> [Requirement]:
Extract, exactly as written, each line from the start of the records below to the line containing "Organizational Behavior and", both ends included; drop the pictures.

> [Task input]:
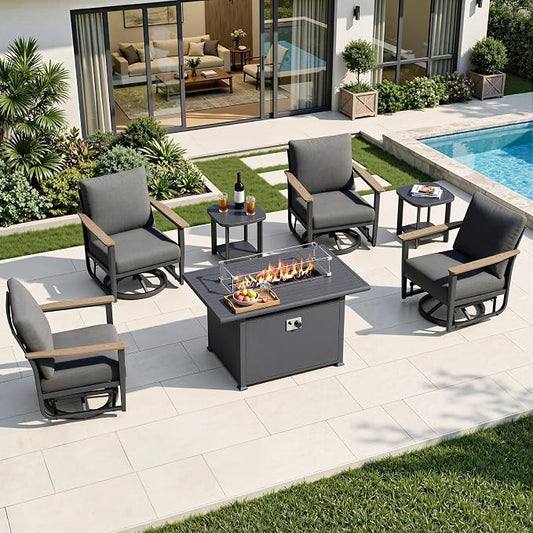 7Pcs Patio Rocking Swivel Chair with 55,000 BTU Fire Pit Table Outdoor Aluminum Bistro Set with Coffee Table, Patio Furniture Set with High Backrest & Thickened Cushions, Dark Grey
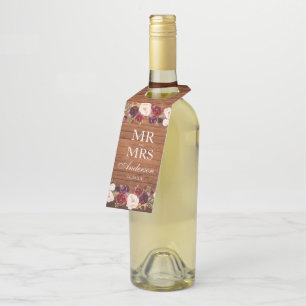 Mr. and Mrs. Rustic Wood Burgundy Floral Wedding Bottle Tag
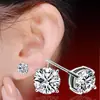 Aretes de moissanita simulación de transmisión en vivo para mujer estilo Ins amor plata de ley S925 circonita seis garras aretes de moissanita aretes
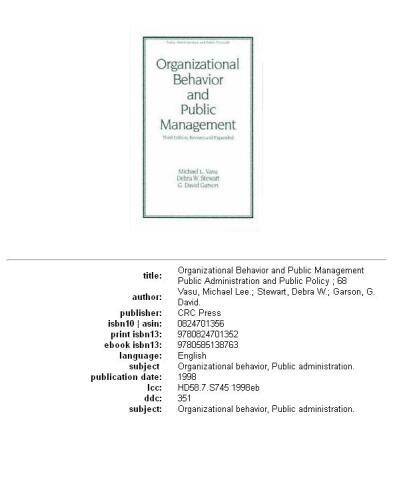 Organizational Behavior and Public Management (Public Administration and Public Policy)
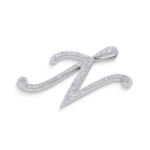 Diamond Letter N Pendant 0.50 ct. 14K White Gold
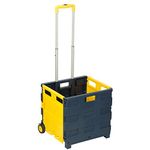 Honey-Can-Do CRT-03622 Folding Utility Cart, Collapsible Design, Blue/Yellow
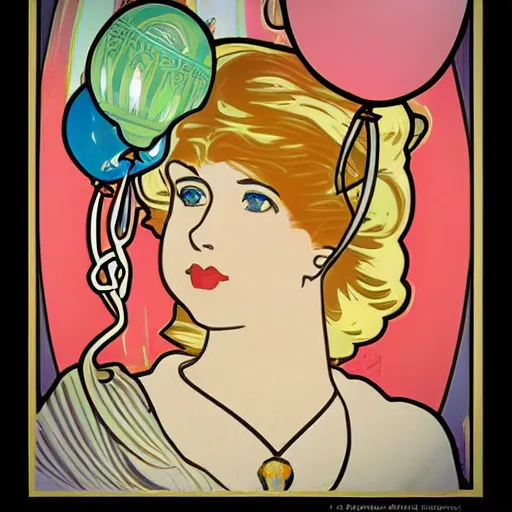 Image similar to balloon pop art in the style of alphonse mucha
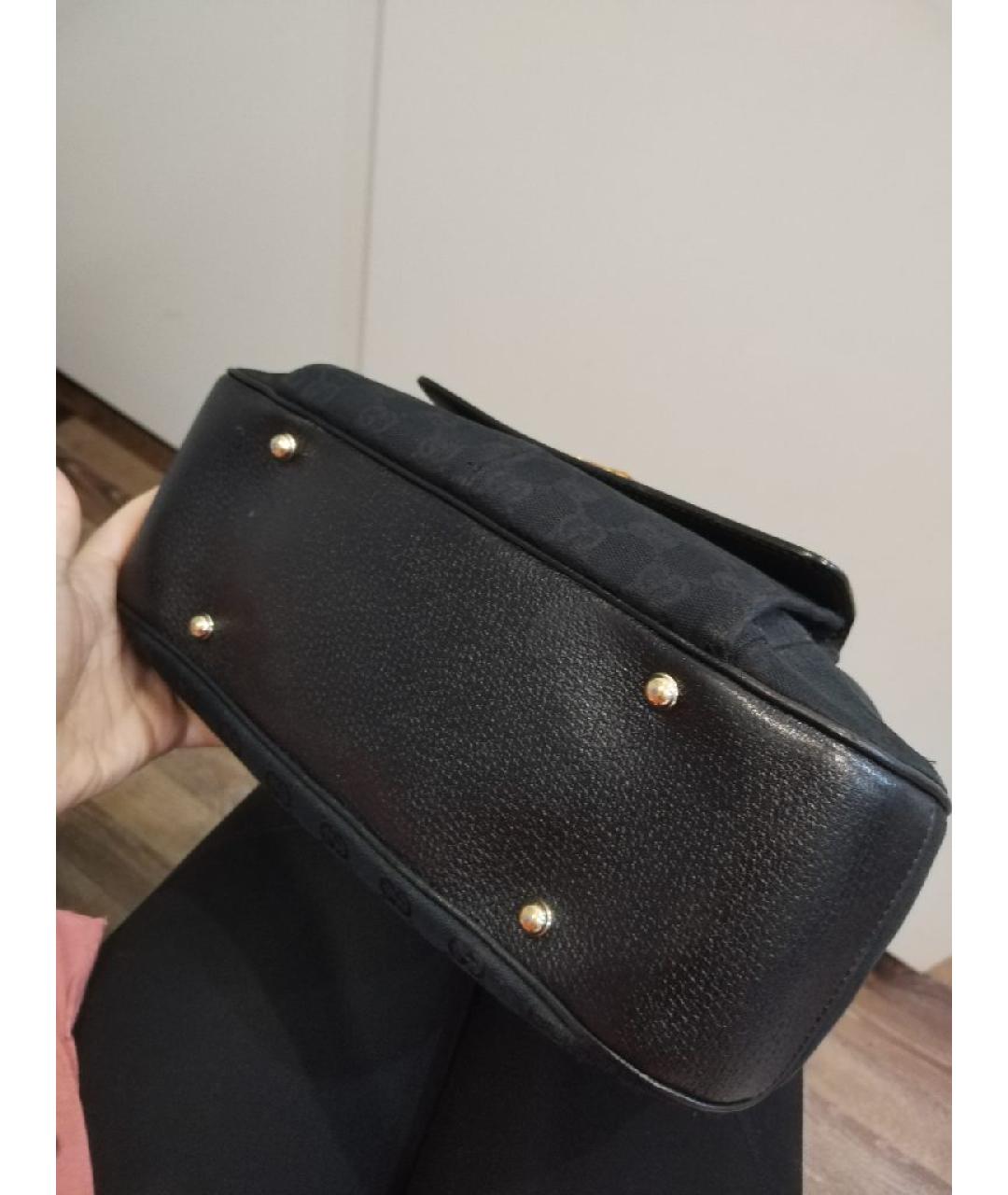 GUCCI Черная кожаная сумка с короткими ручками, фото 4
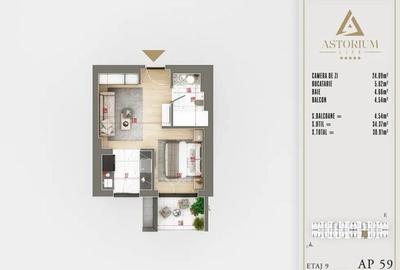 AP 2 CAM. CU LIVING OPEN SPACE / FINISAJE PREMIUM. ASTORIUM! - 2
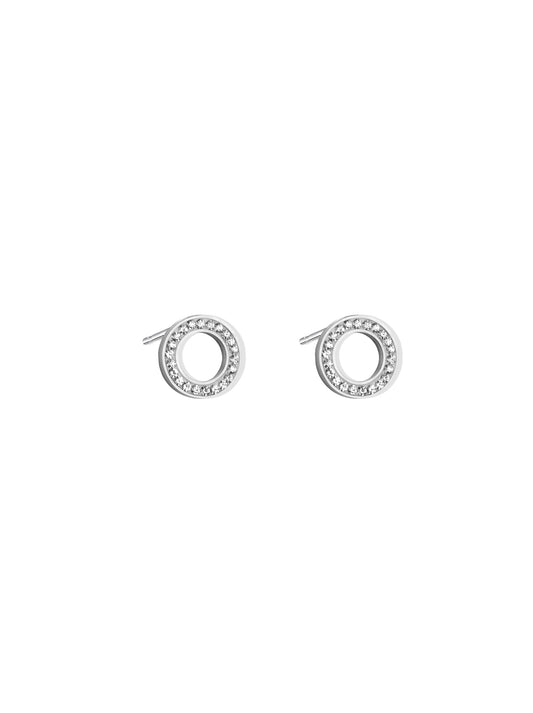 Silver steel circle crystal earrings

> [Solution]:
 7Pcs Patio Rocking Swivel Chair with 55,000 BTU Fire Pit Table Outdoor Aluminum Bistro Set with Coffee Table, Patio Furniture Set with High Backrest & Thickened Cushions, Dark Grey
 Mr. and Mrs. Rustic Wood Burgundy Floral Wedding Bottle Tag
 Aretes de moissanita simulación de transmisión en vivo para mujer estilo Ins amor plata de ley S925 circonita seis garras aretes de moissanita aretes
 Organizational Behavior and Public Management (Public Administration and Public Policy)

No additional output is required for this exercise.